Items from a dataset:
>>>>>
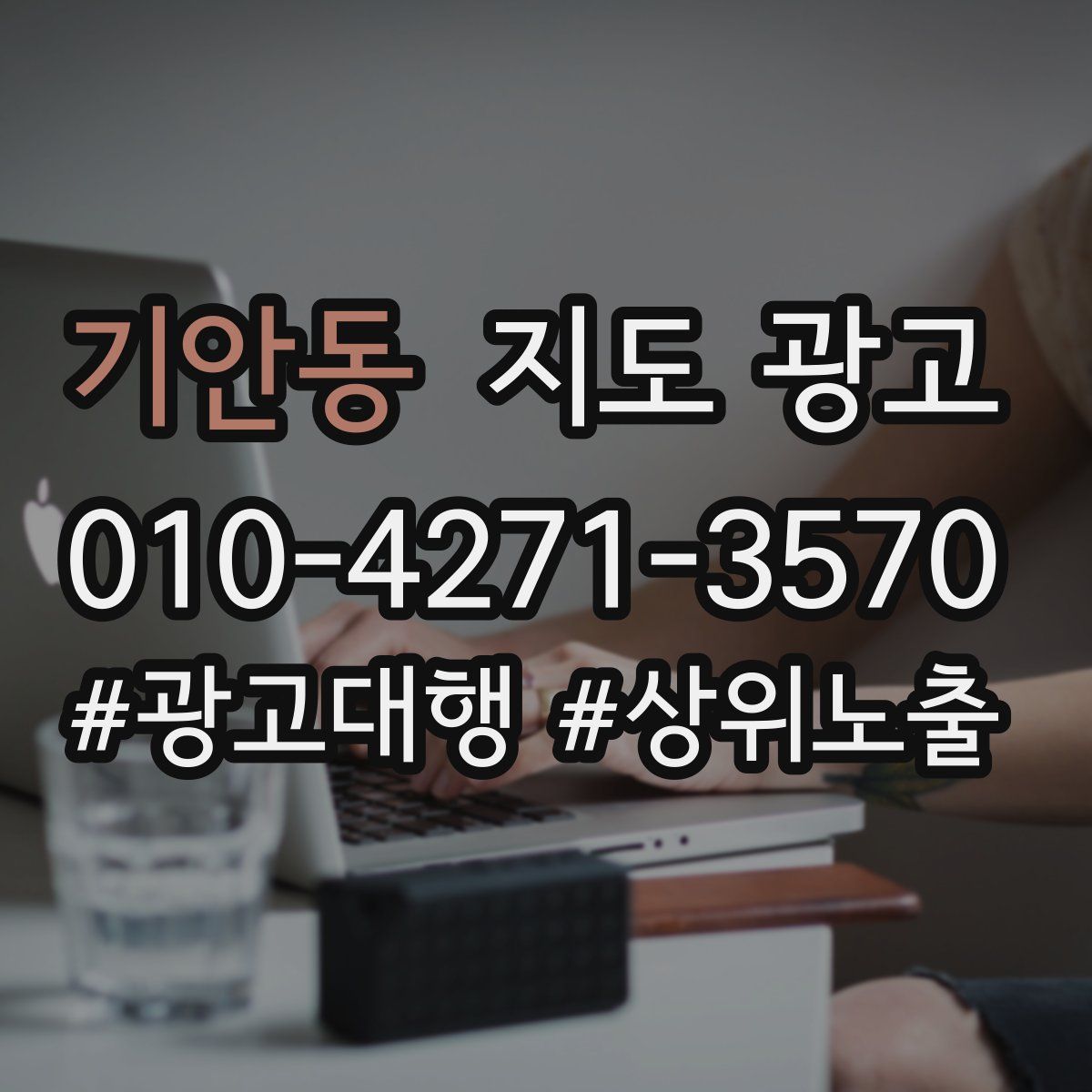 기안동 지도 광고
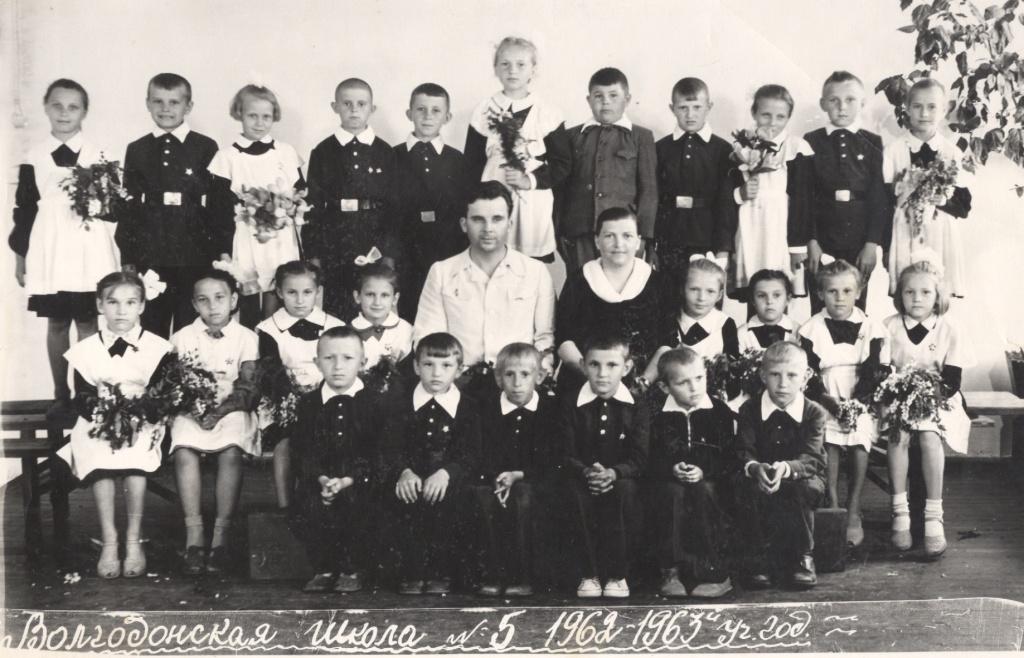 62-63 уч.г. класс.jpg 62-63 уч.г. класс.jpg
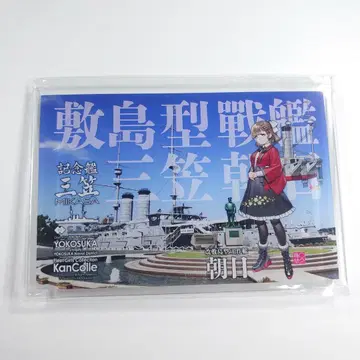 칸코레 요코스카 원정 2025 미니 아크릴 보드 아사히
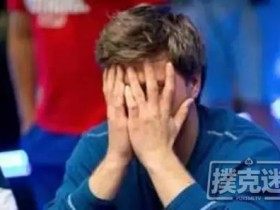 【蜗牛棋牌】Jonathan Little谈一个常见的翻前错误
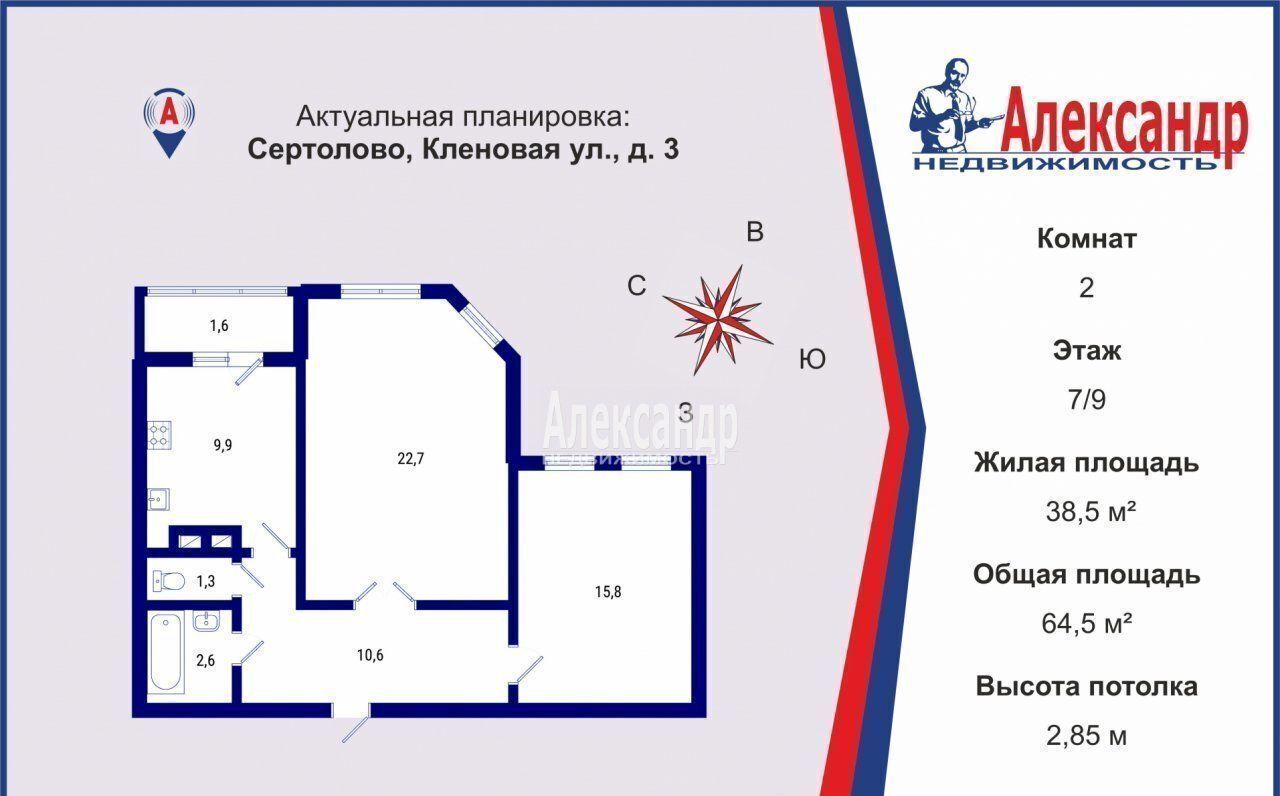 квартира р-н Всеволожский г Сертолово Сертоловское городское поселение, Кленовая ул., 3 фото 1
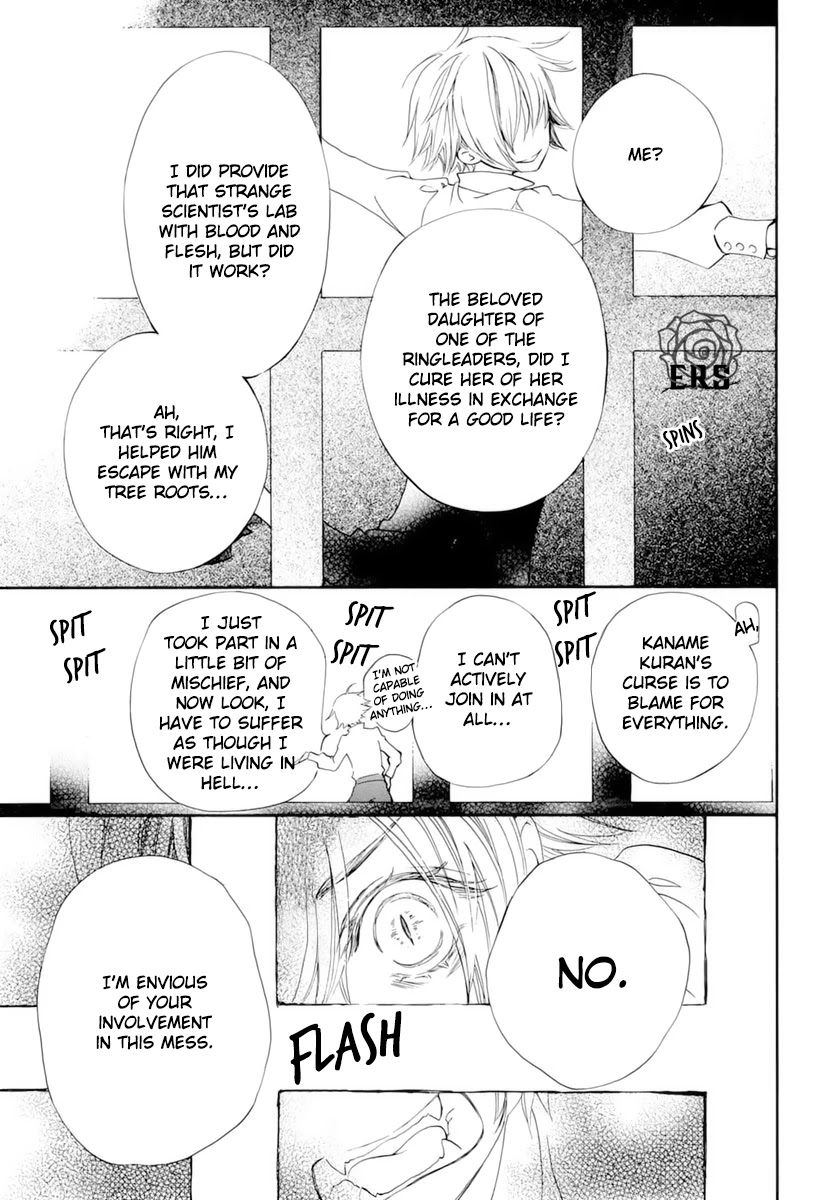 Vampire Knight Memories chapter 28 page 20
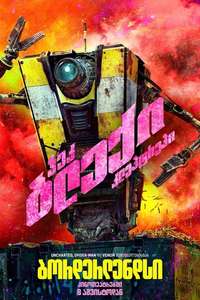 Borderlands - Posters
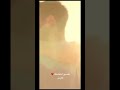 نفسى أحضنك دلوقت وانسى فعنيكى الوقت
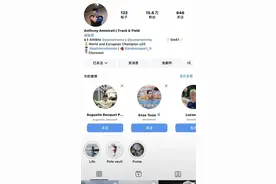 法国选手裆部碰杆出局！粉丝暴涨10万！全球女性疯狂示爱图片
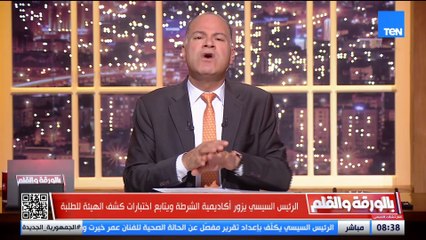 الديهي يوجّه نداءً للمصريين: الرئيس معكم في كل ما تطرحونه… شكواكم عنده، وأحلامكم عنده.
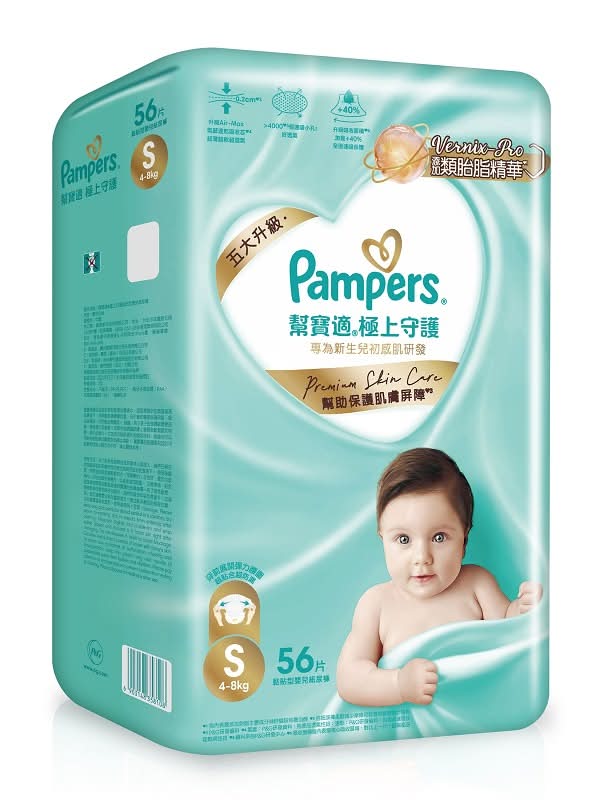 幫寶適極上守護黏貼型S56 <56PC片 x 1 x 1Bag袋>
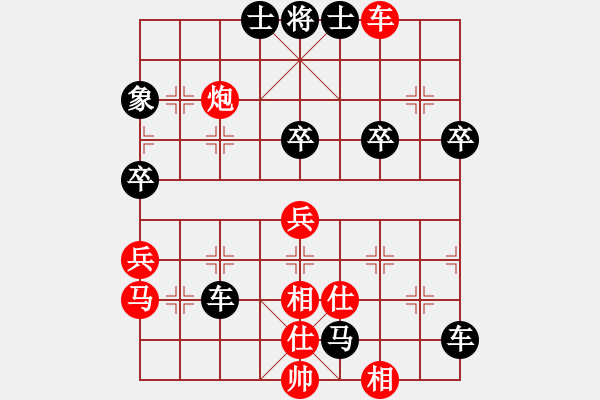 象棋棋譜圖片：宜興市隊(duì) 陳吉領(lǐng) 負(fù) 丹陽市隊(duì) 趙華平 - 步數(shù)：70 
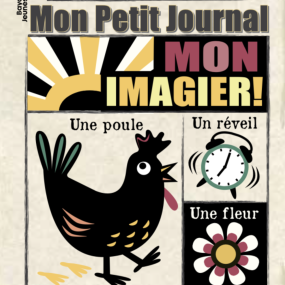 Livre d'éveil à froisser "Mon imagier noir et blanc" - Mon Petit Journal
<<<<<
Work instruction = Give the records again without a single change, and exclude the pictures.

Reply =
 기안동 지도 광고
 62-63 уч.г. класс.jpg 62-63 уч.г. класс.jpg
 칸코레 요코스카 원정 2025 미니 아크릴 보드 아사히
 【蜗牛棋牌】Jonathan Little谈一个常见的翻前错误
 квартира р-н Всеволожский г Сертолово Сертоловское городское поселение, Кленовая ул., 3 фото 1
 Vampire Knight Memories chapter 28 page 20
 Borderlands - Posters
 نفسى أحضنك دلوقت وانسى فعنيكى الوقت
 法国选手裆部碰杆出局！粉丝暴涨10万！全球女性疯狂示爱图片
 الديهي يوجّه نداءً للمصريين: الرئيس معكم في كل ما تطرحونه… شكواكم عنده، وأحلامكم عنده.
 幫寶適極上守護黏貼型S56 <56PC片 x 1 x 1Bag袋>
 象棋棋譜圖片：宜興市隊(duì) 陳吉領(lǐng) 負(fù) 丹陽市隊(duì) 趙華平 - 步數(shù)：70 
 Livre d'éveil à froisser "Mon imagier noir et blanc" - Mon Petit Journal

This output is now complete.